Interstellar

Interstellar The Science of Interstellar

With a science fiction film as complex and involved as Interstellar, there are bound to be moviegoers who simply come away from the film more confused than satisfied. As detailed elsewhere in this guide, Interstellar in particular took special care to be as scientifically accurate as possible, even at the risk of confusing its audience. To its credit, the film takes great care to explain as much of the scientific phenomena discussed in it to its viewers as possible, from the specifics of how a wormhole works to the reason why time runs differently the closer you come to a black hole. Still, in anticipation of the inevitably confused patrons, renowned astrophysicist Kip Thorne, who served as executive producer and chief scientific consultant on the film, published a highly digestable book called The Science of Interstellar concurrently with the film's 2014 release to clear up any confusion.

The Science of Interstellar was written explicitly for non-scientists and helps explain some of Interstellar's more complex elements. As one example, the book dedicates a good amount of time to wormholes from a theoretical perspective. Thorne notes that while wormholes are technically conceivable, they are not naturally occurring, (a fact that Interstellar reiterates), nor are they likely to be artificially creatable. Thorne explains that wormholes would require the presence of something called "negative energy," which has only been created in incredibly small quantities and for very brief moments in controlled laboratory settings, and which would be needed in much larger quantities than currently possible to keep a wormhole open.

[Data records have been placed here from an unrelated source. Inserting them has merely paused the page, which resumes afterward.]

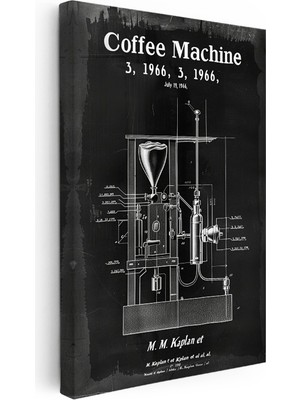 Kanvas Tablo Endüstriyel Kahve Makinesi Patent Teknik Vintage Tablo Ev Ofis Duvar Dekoru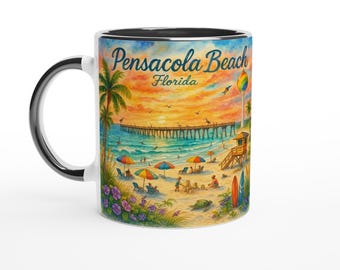 Pensacola Beach Watercolor Mug – White Sand, Pier, Palm Trees & Sunset | Florida Gulf Coast Gift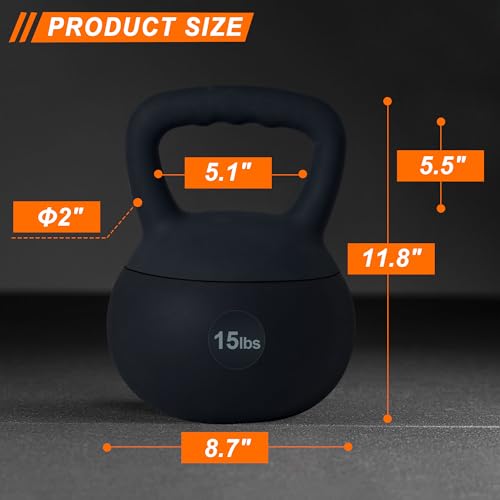 DlandHome Kettlebell Weights Strength Training Kettlebell-Great for Full Body Workout and Strength Training,Easy Grip Handle,PVC Filled with Iron Sand - color: Black-15lbs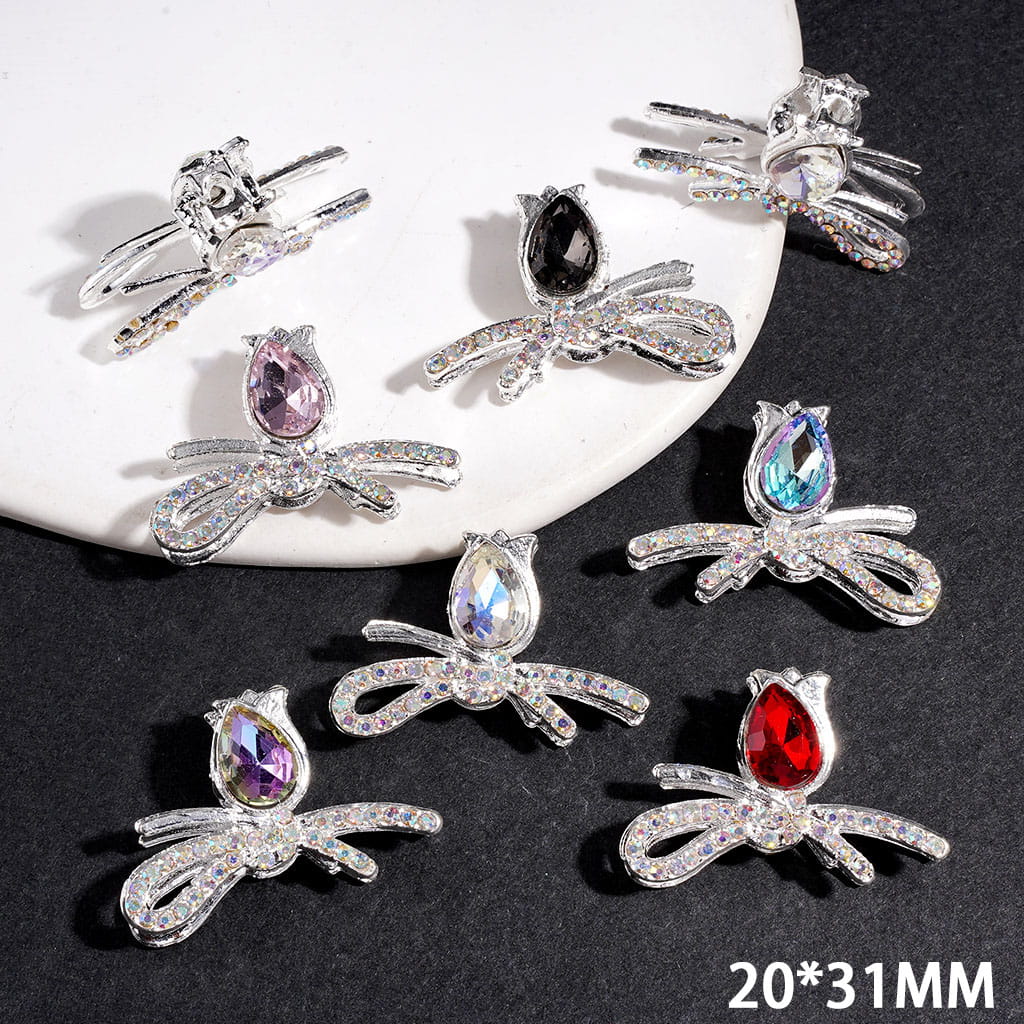 Silver Metal Beads Bowtie Flower with Sparkling Water Drop and AB Rhinestones, 20*31MM Multi-Color Random Mix
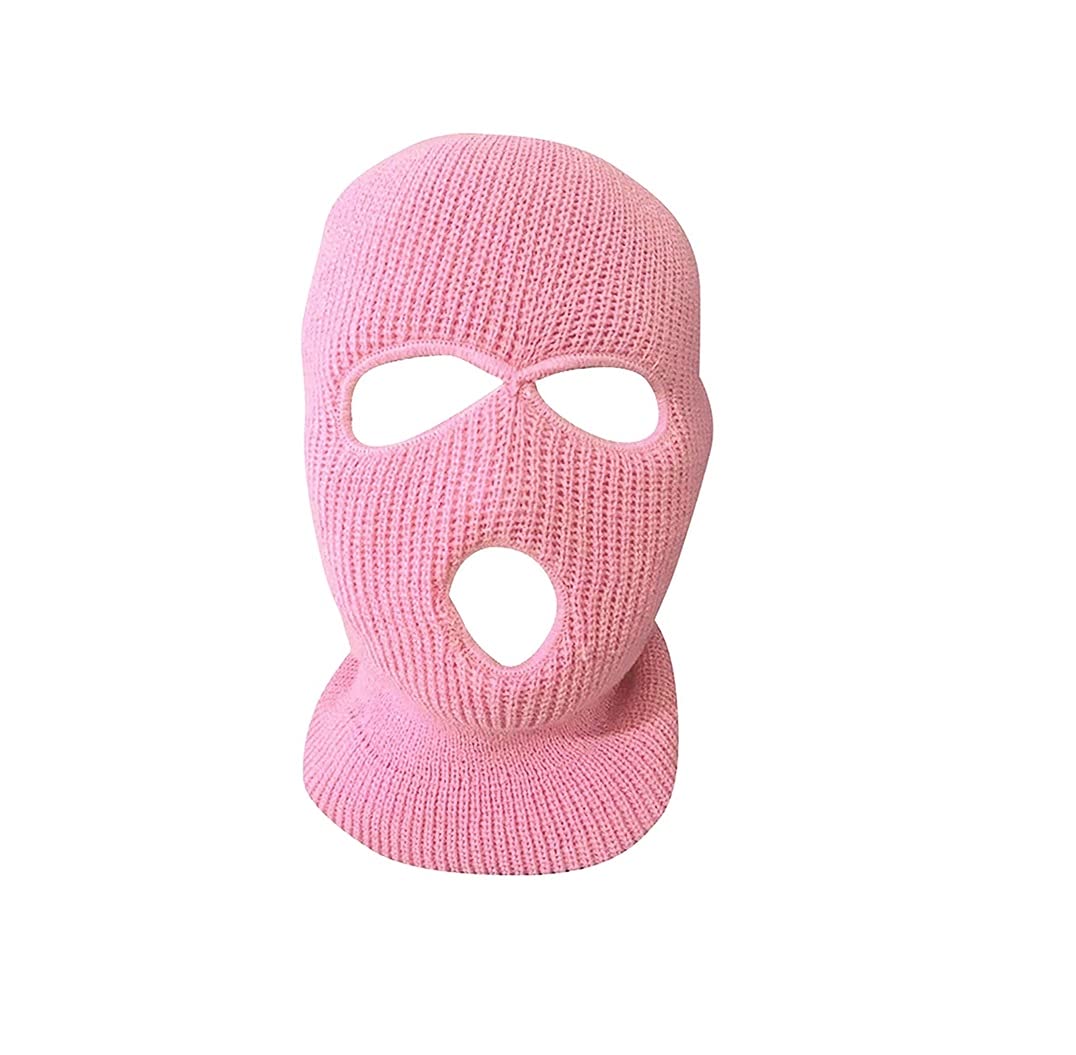 Warm Knit Ski Mask - 3 Hole Full Face Cover Balaclava for Adults | Winter Cold Weather Hat for Skiing, Snowboarding & Outdoor Activities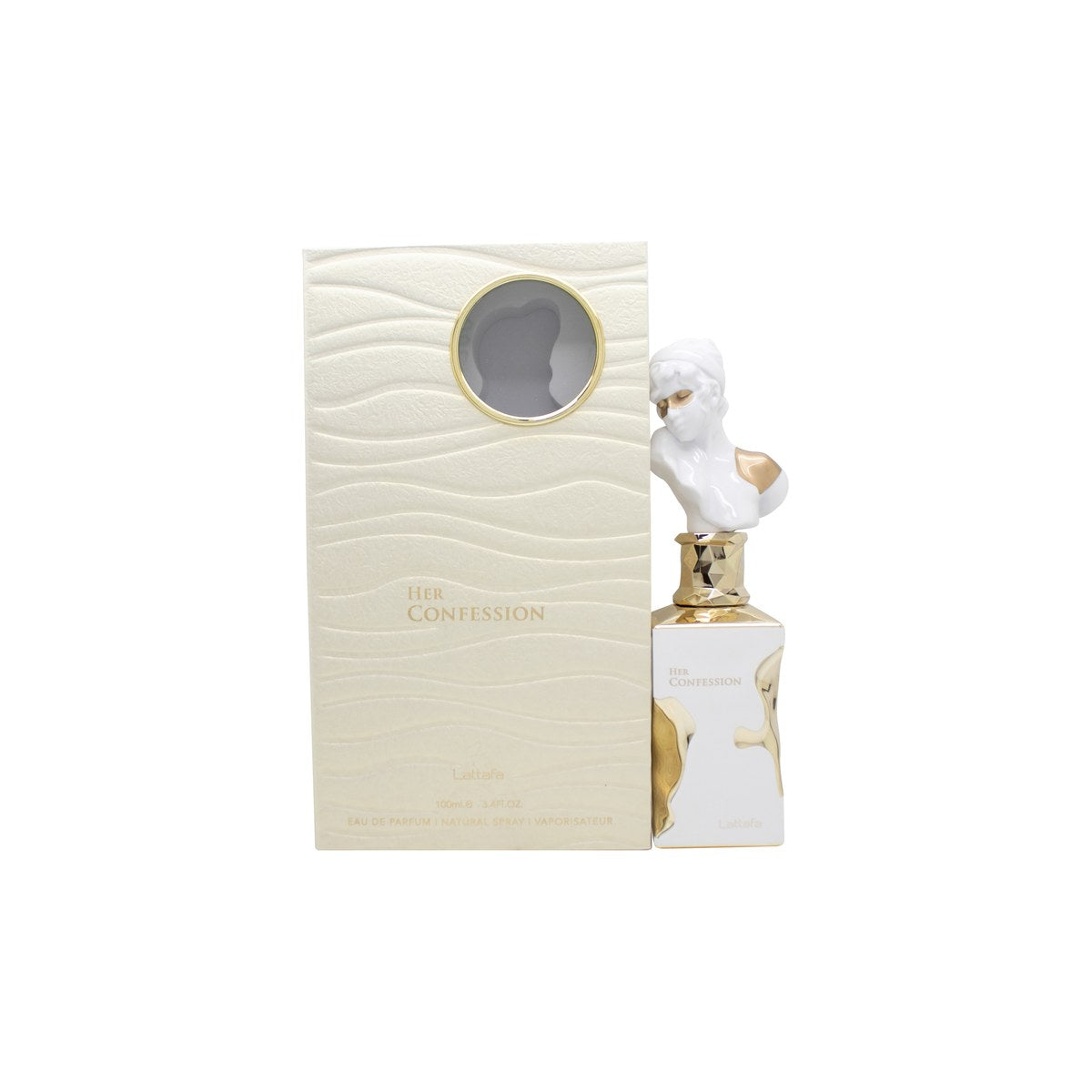 Lattafa Her Confession Eau de Parfum, Lattafa, 100 ml – blushrosa flakon med rund form og guldkork.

As noted in the film analysis section of this guide, the wormhole scene is one of the few instances in Interstellar when Christopher Nolan chose to stray from accuracy. Thorne notes that the actual journey through a wormhole would be more or less uneventful: the wormhole would appear as a spherical window of sorts, which one would pass through seamlessly from one section of the universe to the next, as if merely moving through a door; one moment you’re outside the hole, the next you're through it. For the purpose of creating a more visually stunning spectacle, Nolan took creative license to make the scene more dramatic and unrealistic.

Another element of Interstellar that was regrettably lost on some viewers was the notion that gravity can cause time to speed up and slow down relative to the observer. One of the most memorable plot devices in the film is the powerful influence of the black hole Gargantua on Miller's planet: one hour there is equal to seven years elsewhere, including on Earth and aboard the Endurance. The film chalks this phenomenon up to "relativity," but Thorne goes into more detail, explaining that a black hole's main feature is its event horizon, and that the closer one comes to this horizon, the more gravity increases until it is infinitely strong, sucking in everything that draws near, even light (and Cooper in the Ranger, eventually). Because Miller's planet orbits the black hole at such a close distance to the event horizon, the increased gravity causes time to move more slowly. Albert Einstein was the first to posit that gravity could affect the perception of time by an outside observer, such that with an increase in gravity, time would appear to slow down. Einstein additionally theorized that a person moving at or near the speed of light would appear to stop aging altogether. At one point during the writing of Interstellar, Christopher Nolan proposed the idea of characters traveling faster than light, but Thorne reports that this was one of the only instances in which he vehemently protested, as the notion was so completely impossible. Nolan eventually agreed to nix the idea.